--- What is being asked ---
Begin at the line below that holds "Get Your Diet" and end at the line that holds "广州服务器租用价格表不同配置档位怎么看,多少钱? 广州服", transcribing each line exactly and skipping any picture.

--- Input records ---
══════

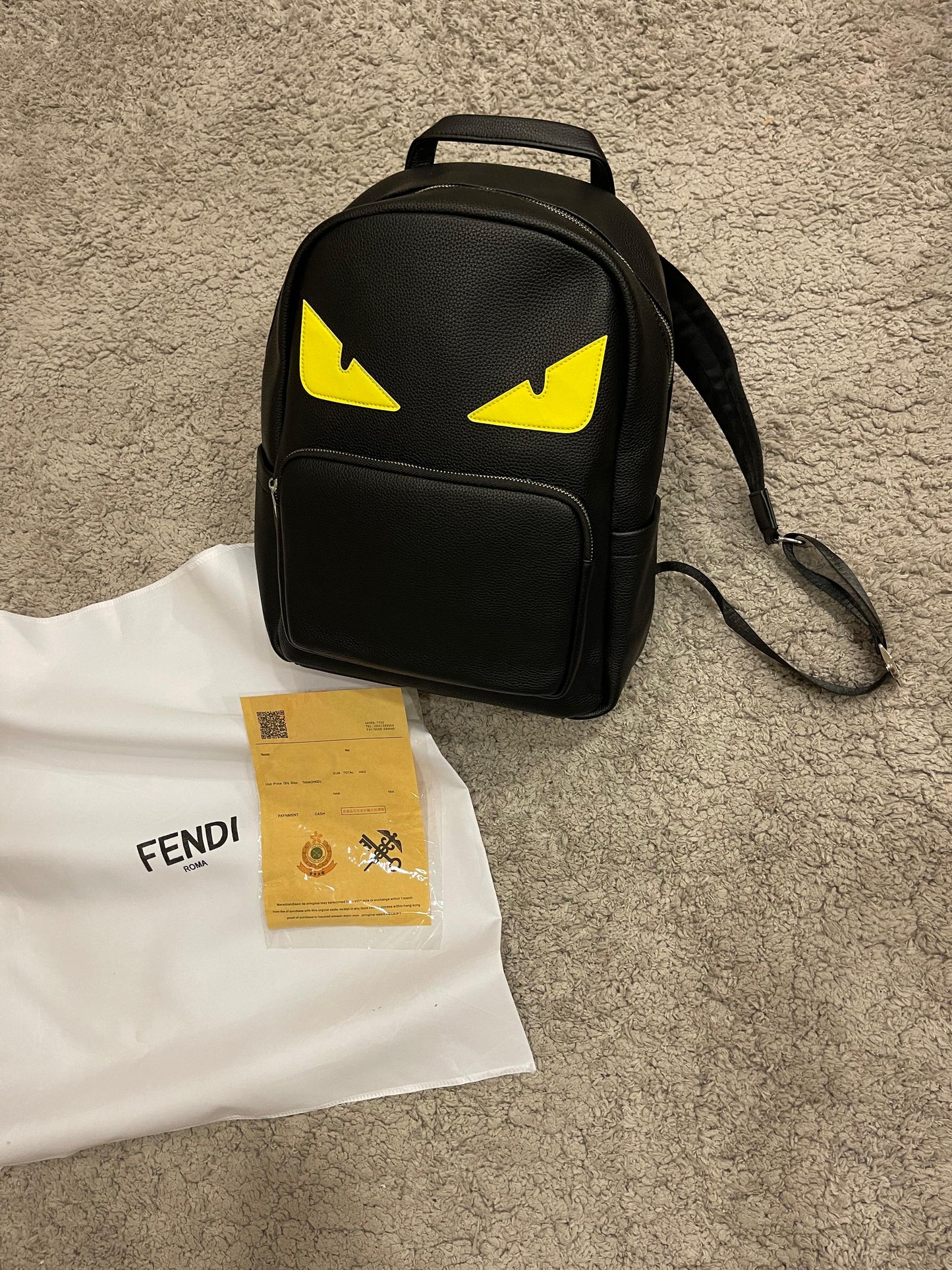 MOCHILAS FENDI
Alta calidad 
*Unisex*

══════

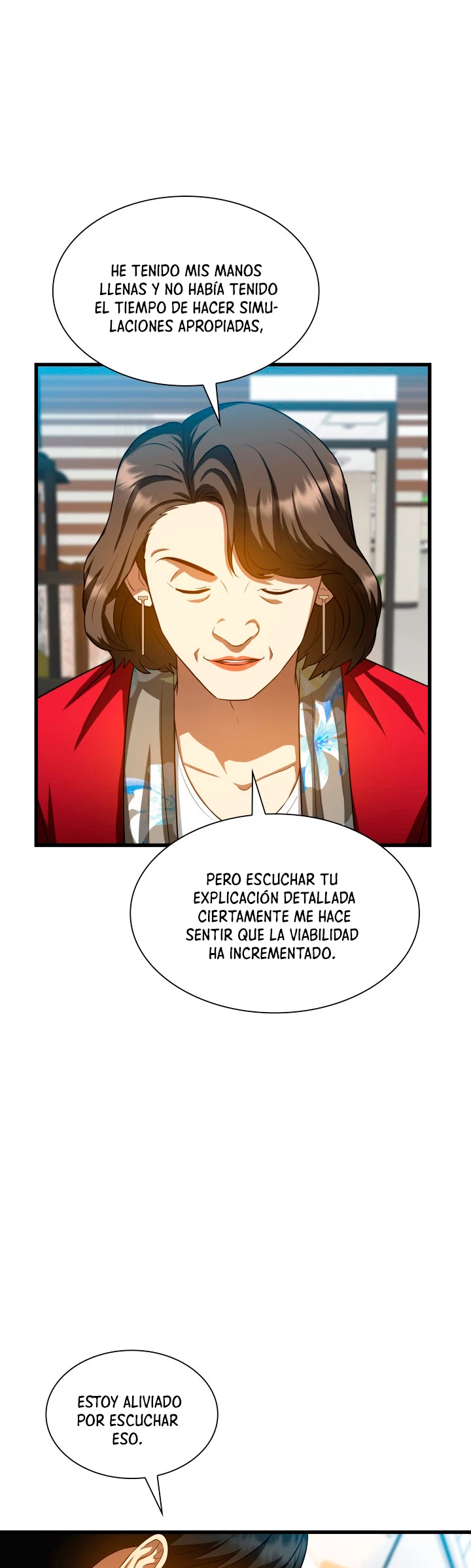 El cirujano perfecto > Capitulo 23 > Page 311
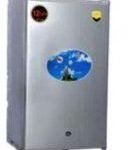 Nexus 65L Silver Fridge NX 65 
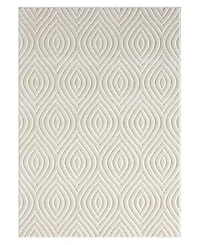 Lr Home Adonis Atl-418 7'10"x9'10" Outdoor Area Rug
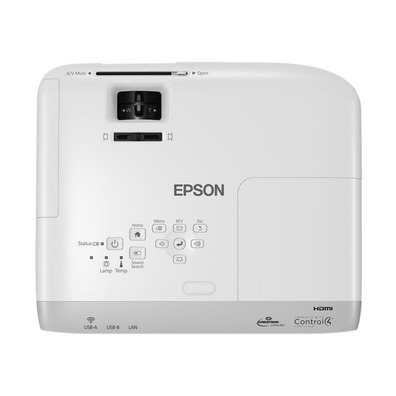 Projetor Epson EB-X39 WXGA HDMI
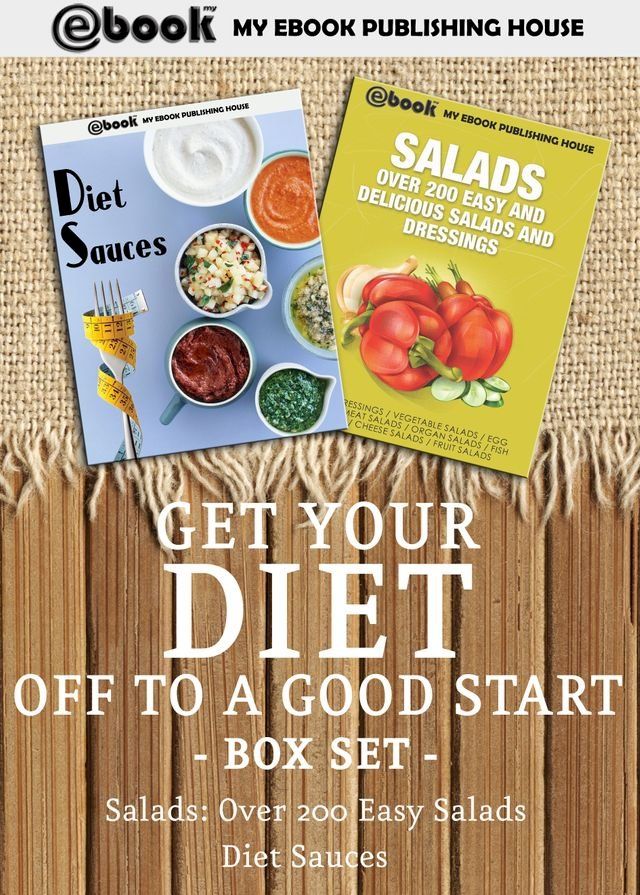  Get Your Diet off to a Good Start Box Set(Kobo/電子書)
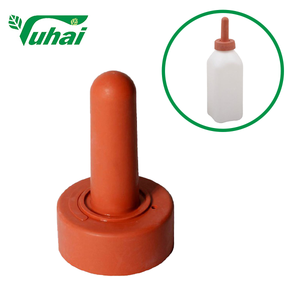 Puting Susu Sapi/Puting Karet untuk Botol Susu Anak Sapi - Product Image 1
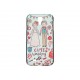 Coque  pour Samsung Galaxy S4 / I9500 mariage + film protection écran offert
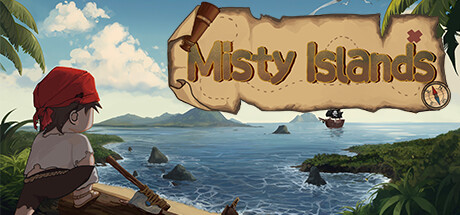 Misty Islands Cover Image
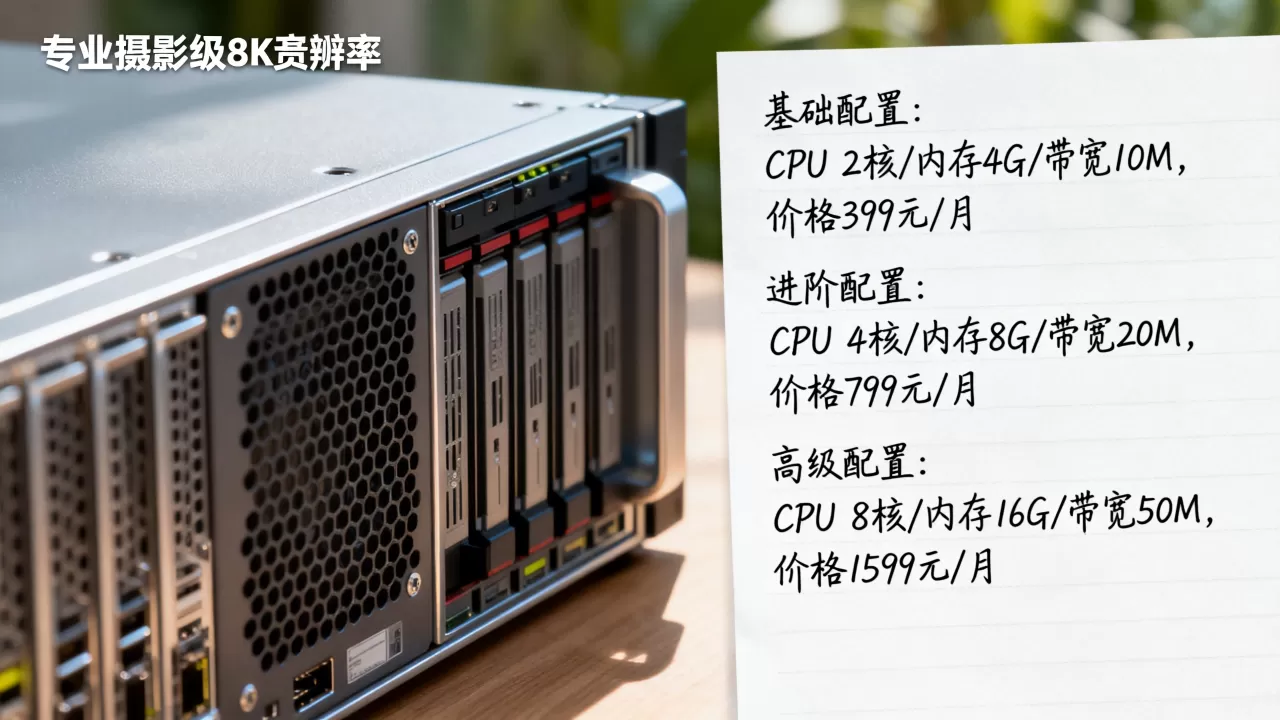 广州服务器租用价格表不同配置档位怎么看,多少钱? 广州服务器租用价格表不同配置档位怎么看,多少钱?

══════

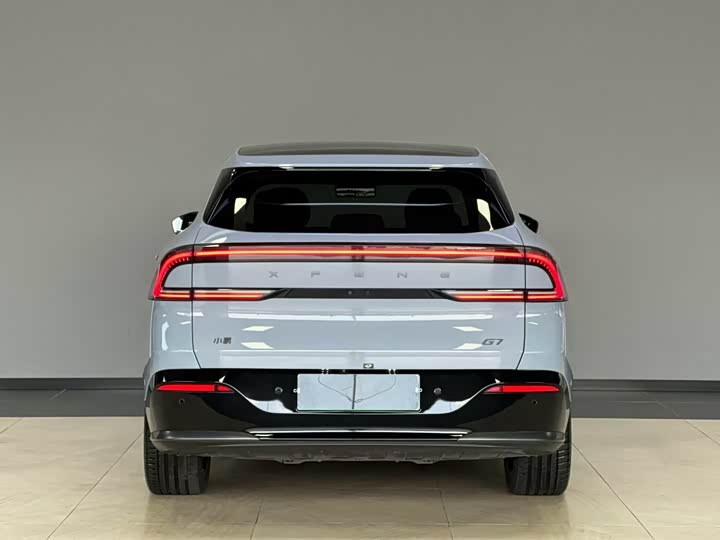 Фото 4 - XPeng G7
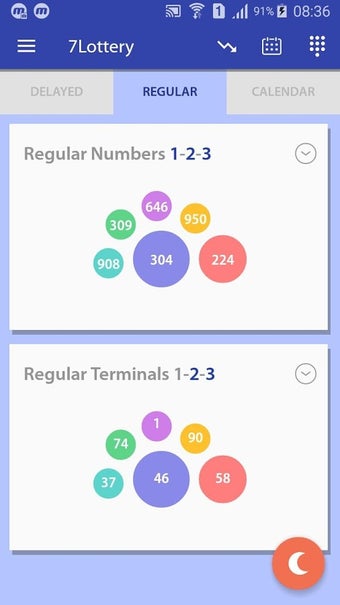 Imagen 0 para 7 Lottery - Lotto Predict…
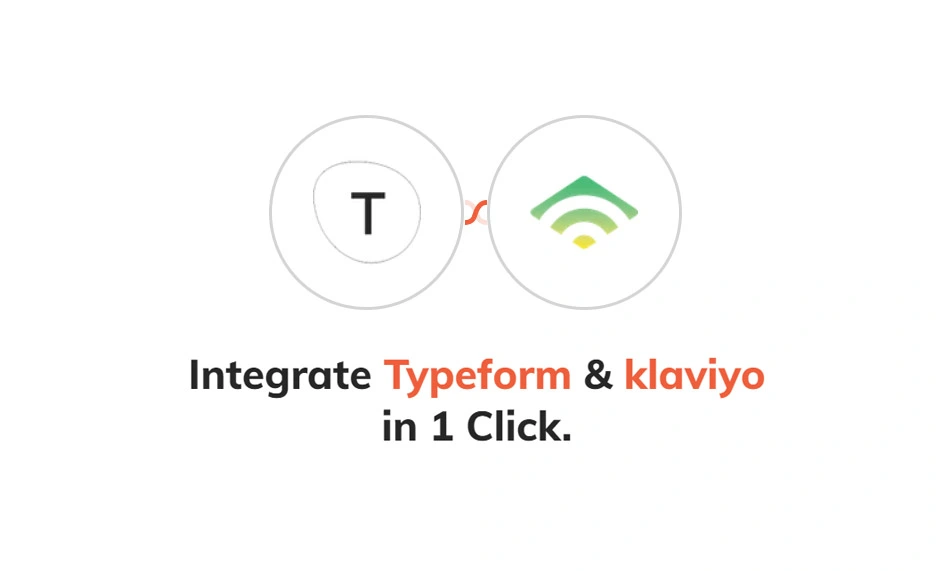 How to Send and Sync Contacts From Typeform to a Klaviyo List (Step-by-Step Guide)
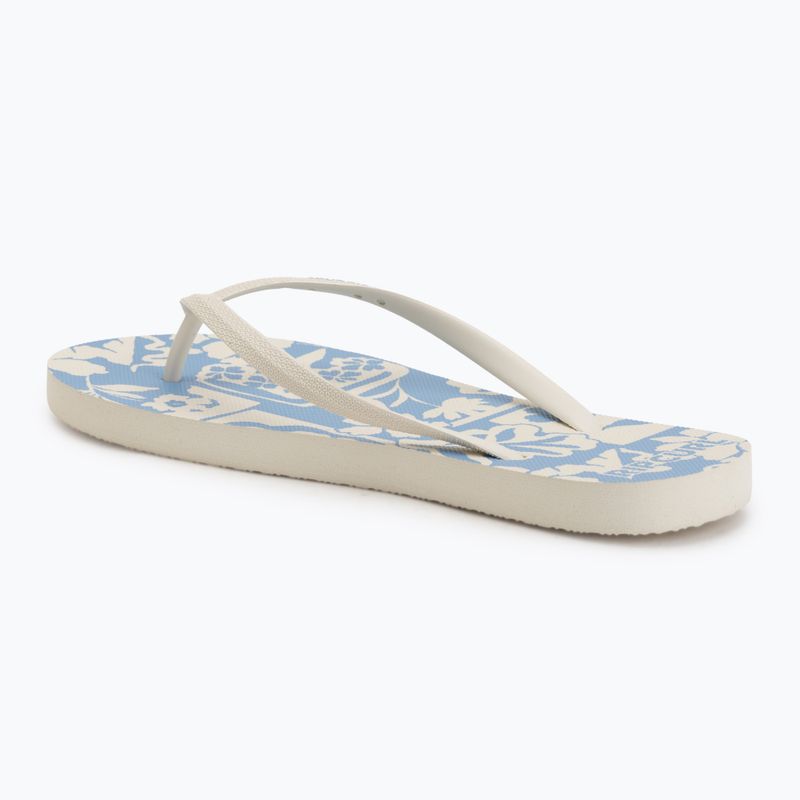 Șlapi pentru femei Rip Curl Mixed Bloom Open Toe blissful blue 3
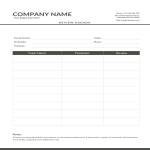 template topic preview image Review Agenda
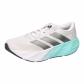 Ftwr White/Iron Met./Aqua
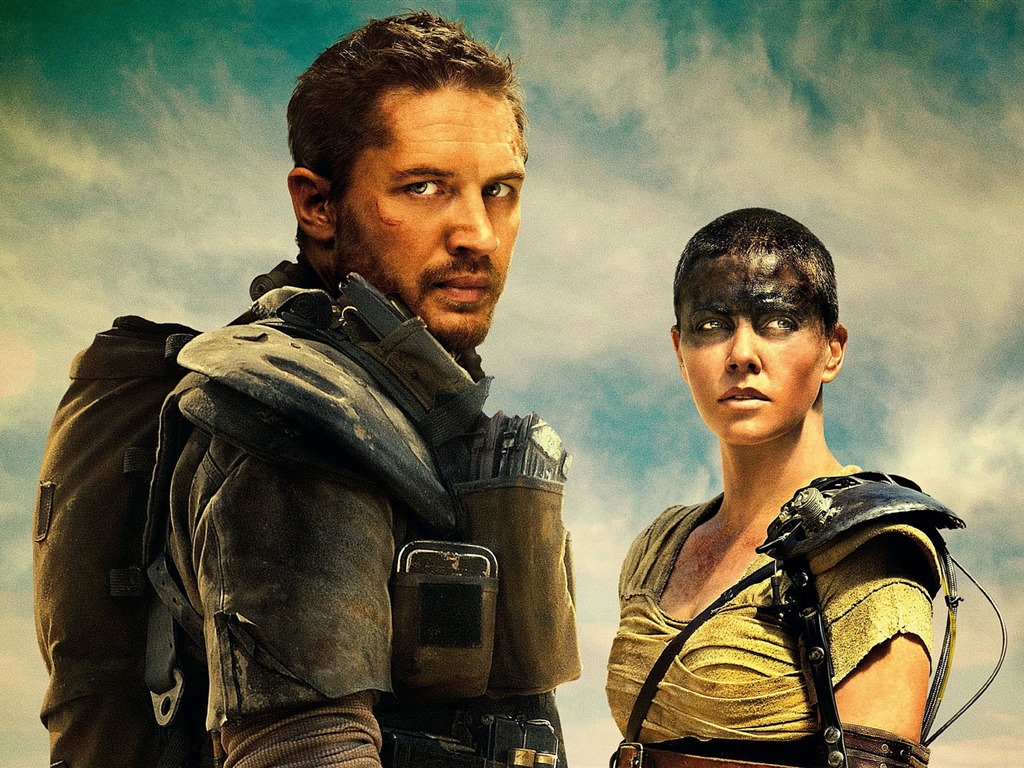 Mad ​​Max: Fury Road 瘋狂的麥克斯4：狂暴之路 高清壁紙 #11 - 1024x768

══════

--- Solution to the problem ---
  Get Your Diet off to a Good Start Box Set(Kobo/電子書)
 Puting Susu Sapi/Puting Karet untuk Botol Susu Anak Sapi - Product Image 1
 Coque  pour Samsung Galaxy S4 / I9500 mariage + film protection écran offert
 Misty Islands Cover Image
 广州服务器租用价格表不同配置档位怎么看,多少钱? 广州服务器租用价格表不同配置档位怎么看,多少钱?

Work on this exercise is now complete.